The North Sea butane/naphtha price spread has risen on increasing demand for refrigerated butane cargoes in Northwest Europe, according to industry sources.
During the winter months in Northwest Europe most North Sea mixed butane is either blended into gasoline or used as a feedstock for the production of MTBE and alkylate.
The three main importers of refrigerated mixed butane cargoes are the Petroplus refinery on the River Thames, UK, the Valero refinery at Pembroke, Wales, and the LyondellBasell MTBE plant in Rotterdam, Netherlands.
Based on Platts data, the butane/naphtha price ratio remained above 95% during the first three weeks of November.
Over the last decade of November, however, a technical problem at Coryton and some reported delays in recommissioning the LyondellBasell Rotterdam plant combined to give the butane market a more bearish feel and the butane/naphtha price ratio dipped to around 90%.

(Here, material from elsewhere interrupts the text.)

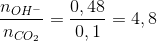 \frac{{{n_{O{H^ - }}}}}{{{n_{C{O_2}}}}} = \frac{{0,48}}{{0,1}} = 4,8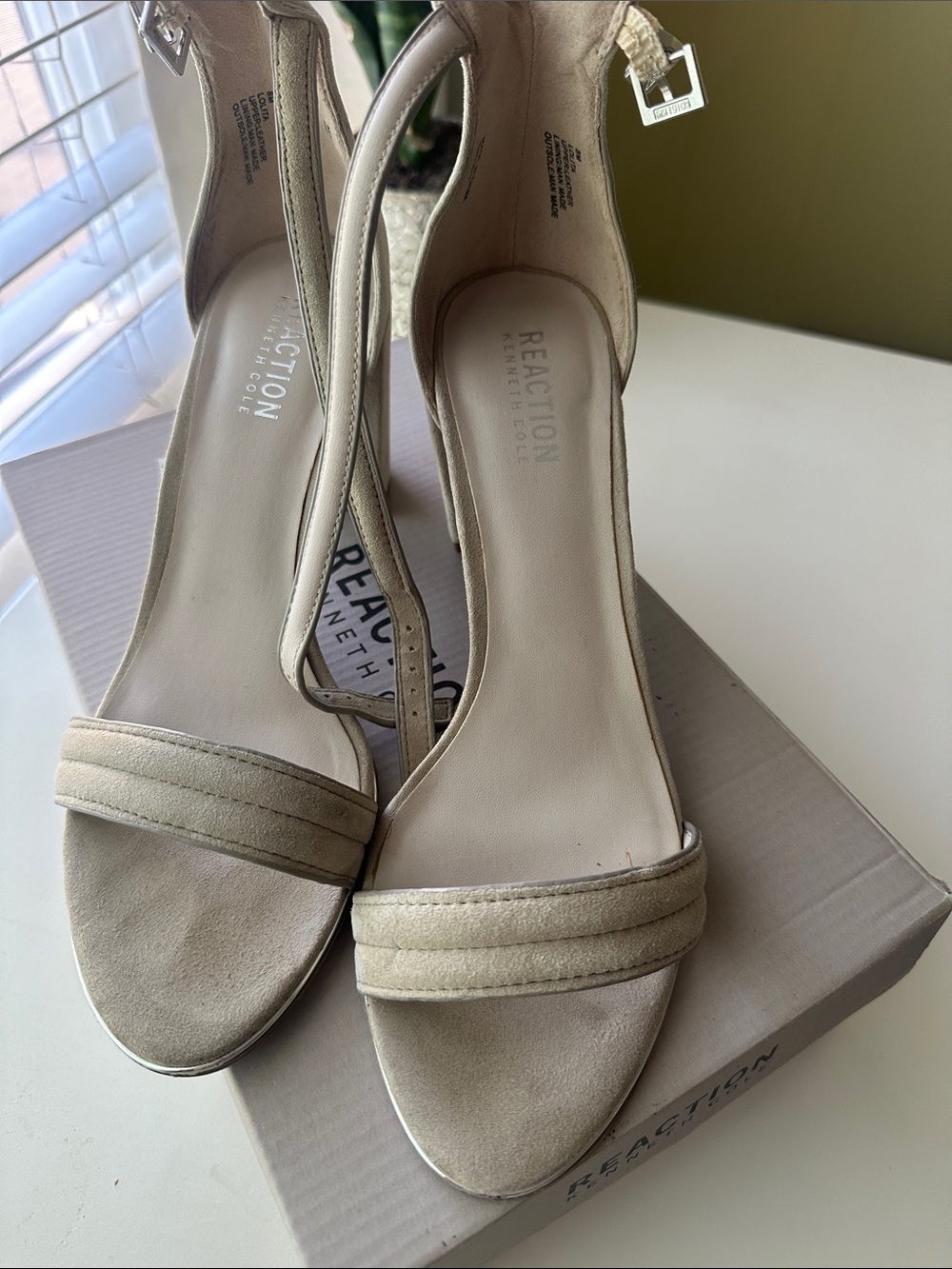 Reaction Kenneth Cole Neutral Beige Open-Toe Ankle-Strap Heels - Lolita - Picture 1 of 7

Since then, industry sources reported that the LyondellBasell plant was operational again, although there still appeared to be no requirements for butane imports into Coryton.
With demand for North Sea butane now said by sources to be increasing, the butane/naphtha price ratio strengthened again reaching a last published level Monday of 92.7%.
The availability of unplaced North Sea cargoes over the balance of December was also said by sources to be a bit tighter with product moving to Morocco and the East Mediterranean.
"Some tonnes are definitely moving south," said one trader.